Coprinopsis picacea, commonly known as the magpie mushroom, magpie fungus, or magpie inkcap, is a species of fungus in the family Psathyrellaceae.

== Taxonomy ==
The species was first described in 1785 by French mycologist Jean Baptiste François Pierre Bulliard in 1785 as Agaricus picaceus.

== Description ==
The cap is initially egg-shaped, then opens up to a bell shape up to 8 cm wide. The cap is serrated and colored white on very young mushrooms. It breaks open with increasing age, revealing the dark brown background which becomes black. Remnants of the white, grayish to cream-colored velum remain on the cap as flakes, giving the impression of woodpecker or magpie plumage. With age, the brim of the cap rolls up and dissolves. The lamellae are mostly free, very close and are initially white, then reddening. Eventually they melt, dripping and black, hence the name inkcap.

The stalk is whitish and 12–20 (–30) cm long and 6–15 mm thick. It is hollow and not very stable, slightly tapered towards the top and covered with scales or fine fibers. The flesh is whitish with a fibrous, watery consistency and sometimes has an unpleasant smell of moth powder. The taste is also unpleasant.
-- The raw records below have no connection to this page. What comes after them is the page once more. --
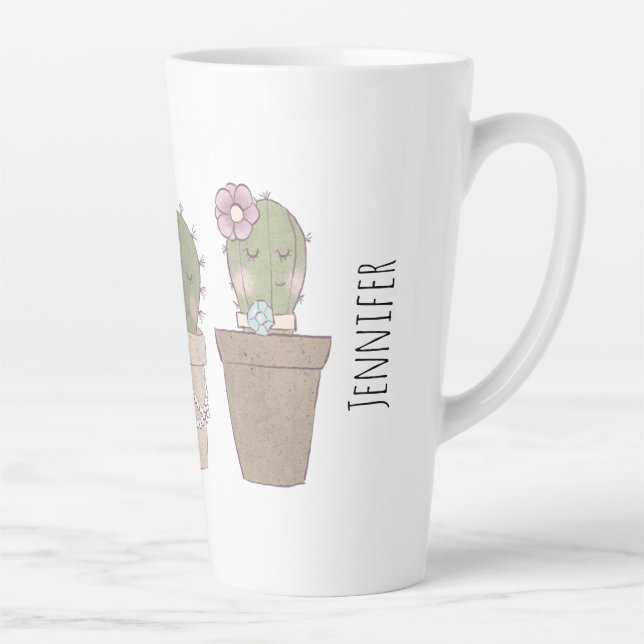 Taza De Café Latte Chicas Cute Cactus Con Joyería (Derecha)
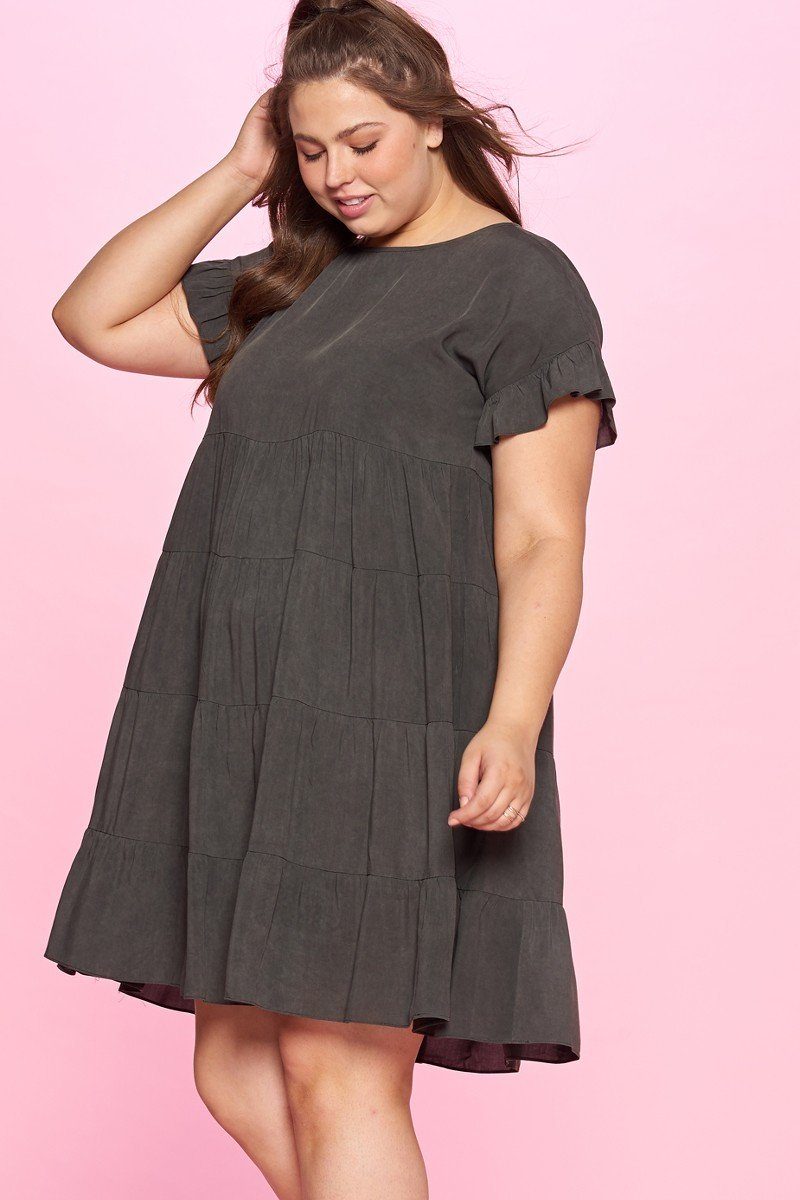 Solid Washed Woven Babydoll Dress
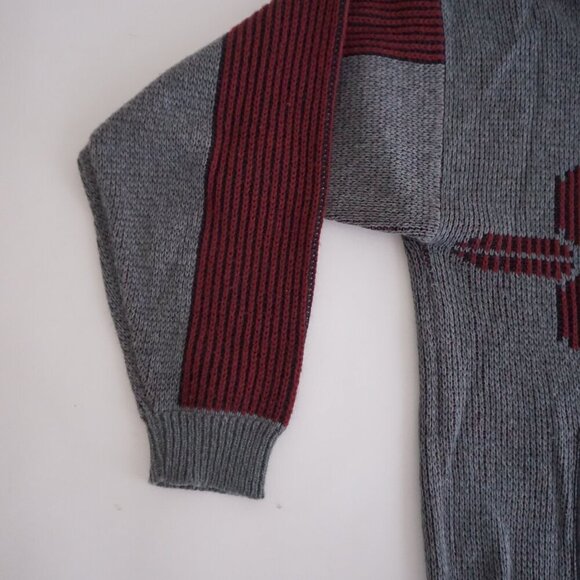 Vtg '80s Pacific Coast Gray Maroon Biggie Cosby Eclectic Knit Crewneck Sweater L - Picture 8 of 9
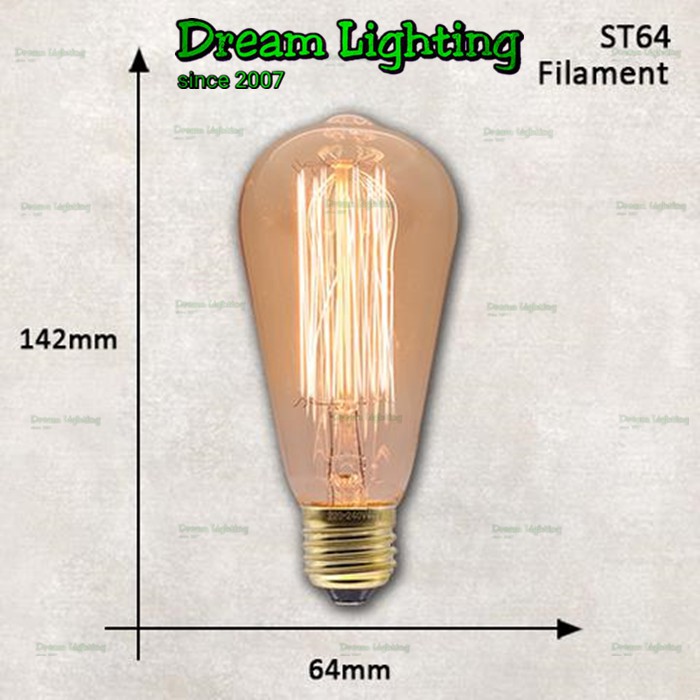 Dream Beautiful Lighting Bulb/Bohlam Edison ST64 4W 6W 8W 12W LED E27 Bulb/Lampu Bohlam Edison Filamen Retro/Lampu Bohlam Retro Vintage/Bohlam Lampu Simple Dan Portable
=== Microscopic features ===
The elliptical, dark brown spores are 14–18.5 × 10–13 μm in size. The cheilo- and pleuro-Zystiden are bubbles or bag-to tubular. They are up to 150 μm long and 50 μm wide.

=== Similar species ===
The species can sometimes be confused with the edible Coprinus comatus.

== Distribution ==
The magpie inkcap is common in Europe and Australia, but it also exists in North America, though it is uncommon. In Europe, the area extends from Great Britain and France in the west to Poland, Hungary and Romania in the east and south to Spain and the Balearic Islands, Italy and Greece and to Germany and Denmark in the north.

== Toxicity ==
The species is inedible and causes digestive upset, being regarded as poisonous to some people.